Ever been seated there listening to the radio and then you hear an advert about how COVID-19 spreads and how to stay safe? At Sunbird AI, that’s music to our ears.
Our most recent project has been monitoring and analyzing Ministry of Health adverts on the spread of COVID-19 and related safety measures.
The analysis is to track whether COVID-19 adverts are played on radio stations and how frequently they are played. This is important because the broadcasting of information to the public about COVID-19 is a priority, in order to keep us healthy and safe.
This project was implemented in a number of steps:
Getting radio data
First, we have to have the radio data, and that means listening to a whole lot of radio. More than 300 stations, to be exact. And yes, I’m joking, of course, we did not manually listen to all that radio.
We went through a digital data collection process as described below:
Compilation of a file with streaming URLs for a number of radio stations whose streaming URLs were easily accessible
Writing a Python script to get to each of those streaming URLs and record the data for an hour at a time
Writing a cron job to run this script every top of the hour, for most of the hours of the day
Storing the data
By now you could be wondering about the huge amount of storage space that all this data would take up with time. In order to save storage space, a data retention policy is required. A data retention policy within an organization is a set of guidelines that describes which data will be archived, how long it will be kept, what happens to the data at the end of the retention period, and other factors concerning the retention of the data. In our case here, we store the radio recordings on our server only for the current day. At the end of each day, the recordings are backed up to cloud storage and then deleted from the server.
Before fingerprinting the recordings, we had to find a way to test the accuracy of that method. If the results of fingerprinting say that there are two instances of the advert in a certain recording, we had to know for sure how true that was.
This meant that we would have to have some form of labeled data, labeled by we the human beings, in order to prove the computer right.
We chose out samples of our huge pile of data and annotated them using Audacity, an amazing audio software.
A glimpse into what the data annotation process looks like:
Here is a sample of annotated data for an hour of radio:
As the image shows, there are a lot of different things that go on in just an hour of radio, but what we are looking out for are the Ministry of Health COVID-19 adverts that run for just about a minute. Now that we know that the advert features in this particular hour, we can run the fingerprinting and see if it comes up with the same result.
First, what does fingerprinting even mean?
Audio fingerprinting is the process of digitally condensing an audio signal, generated by extracting acoustic relevant characteristics of a piece of audio content.
The short version of this is that it finds a way of identifying a piece of audio.

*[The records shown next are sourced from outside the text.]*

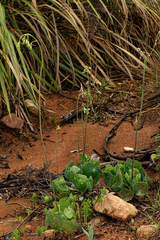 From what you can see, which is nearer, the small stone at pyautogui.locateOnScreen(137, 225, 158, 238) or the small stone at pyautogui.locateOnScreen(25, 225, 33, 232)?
the small stone at pyautogui.locateOnScreen(137, 225, 158, 238)

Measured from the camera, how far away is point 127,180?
136cm

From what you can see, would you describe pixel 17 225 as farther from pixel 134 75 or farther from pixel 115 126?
pixel 134 75

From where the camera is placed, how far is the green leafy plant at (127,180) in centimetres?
132

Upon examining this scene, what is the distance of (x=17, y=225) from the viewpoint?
4.32 ft

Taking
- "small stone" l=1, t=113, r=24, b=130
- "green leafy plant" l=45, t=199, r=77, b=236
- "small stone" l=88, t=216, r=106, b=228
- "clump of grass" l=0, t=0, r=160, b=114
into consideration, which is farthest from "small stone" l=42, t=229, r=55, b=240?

For our project, we ran a fingerprinting script using a Python tool called dejavu, with the aim of identifying the instances of the COVID-19 adverts played within the radio recordings.
After this process, what we get is the ability to choose any radio recording and find out the number of times the COVID-19 adverts are played. This can be extended according to what is required at a given time, for example checking how frequently the adverts play on an entire day on a particular radio station, or checking how they are dispersed throughout the day.
In that way, we achieve the goal of tracking the broadcasting of crucial COVID-19 information to the public, to make sure that safety information becomes common knowledge.